* EXTRACTED ENTRIES
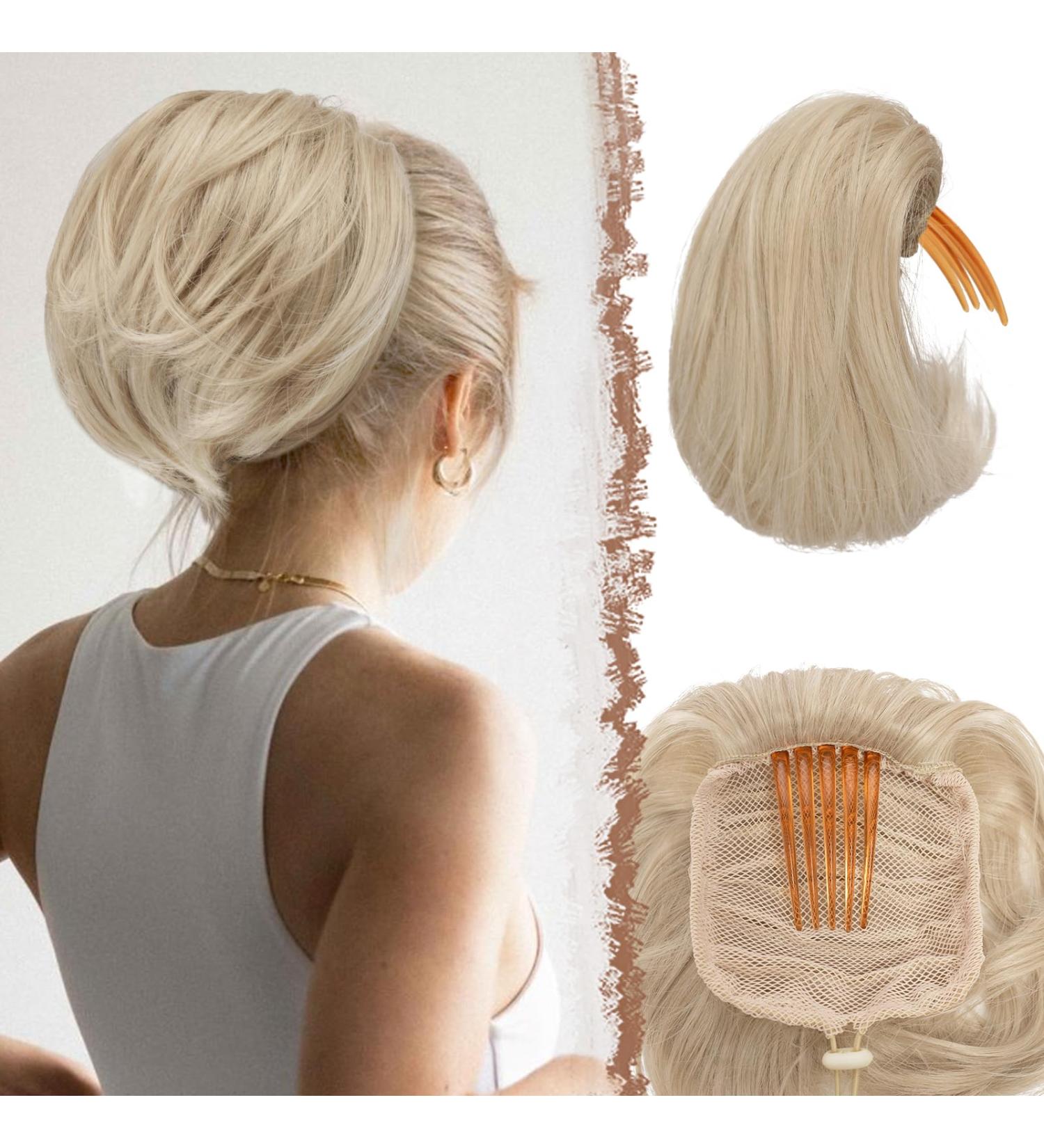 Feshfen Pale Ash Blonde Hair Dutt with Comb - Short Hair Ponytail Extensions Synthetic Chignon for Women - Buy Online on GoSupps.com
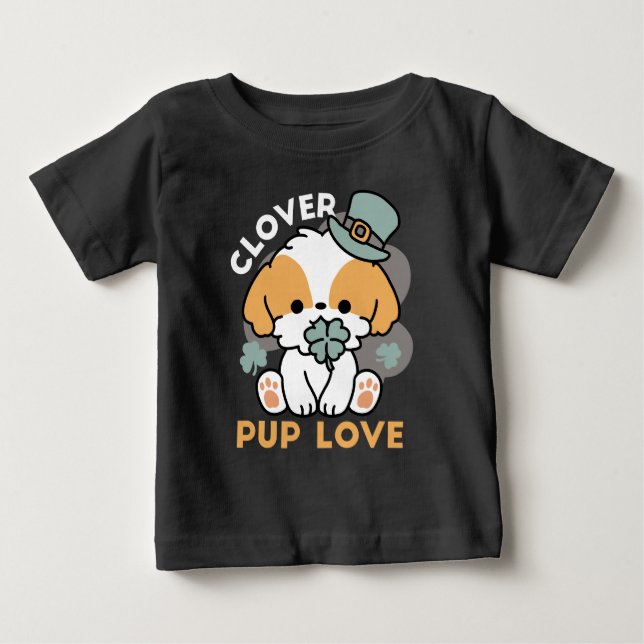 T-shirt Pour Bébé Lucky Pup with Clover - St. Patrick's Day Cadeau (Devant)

...

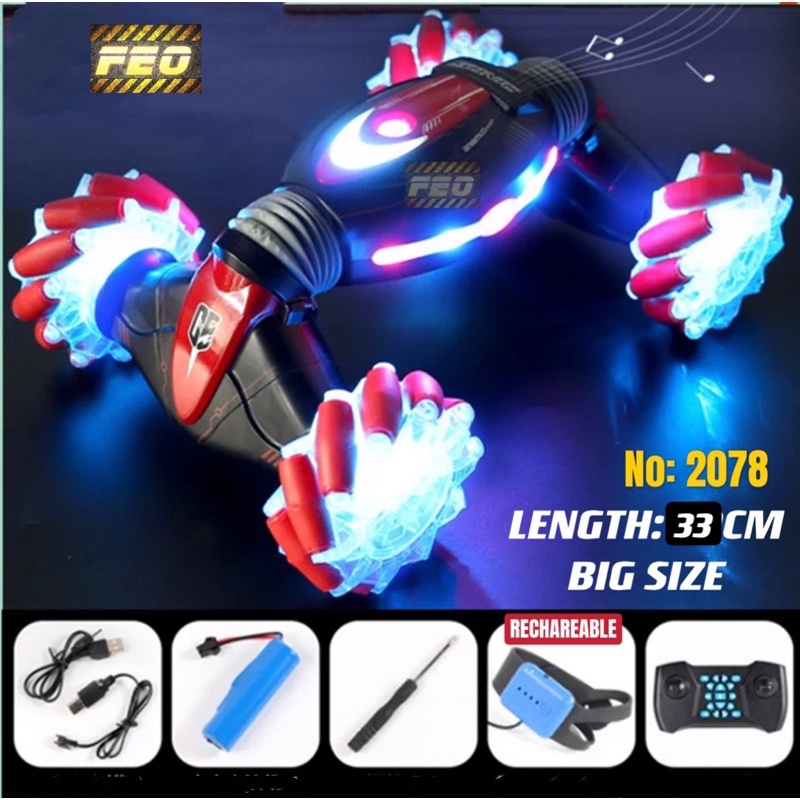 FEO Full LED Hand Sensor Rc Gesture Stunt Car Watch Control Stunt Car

* EXERCISE GOAL
Take the lines above starting at the one containing "Feshfen Pale Ash" and ending at the one containing "T-shirt Pour Bébé", and print them again exactly, without pictures.

* YOUR RESPONSE
 Feshfen Pale Ash Blonde Hair Dutt with Comb - Short Hair Ponytail Extensions Synthetic Chignon for Women - Buy Online on GoSupps.com
 T-shirt Pour Bébé Lucky Pup with Clover - St. Patrick's Day Cadeau (Devant)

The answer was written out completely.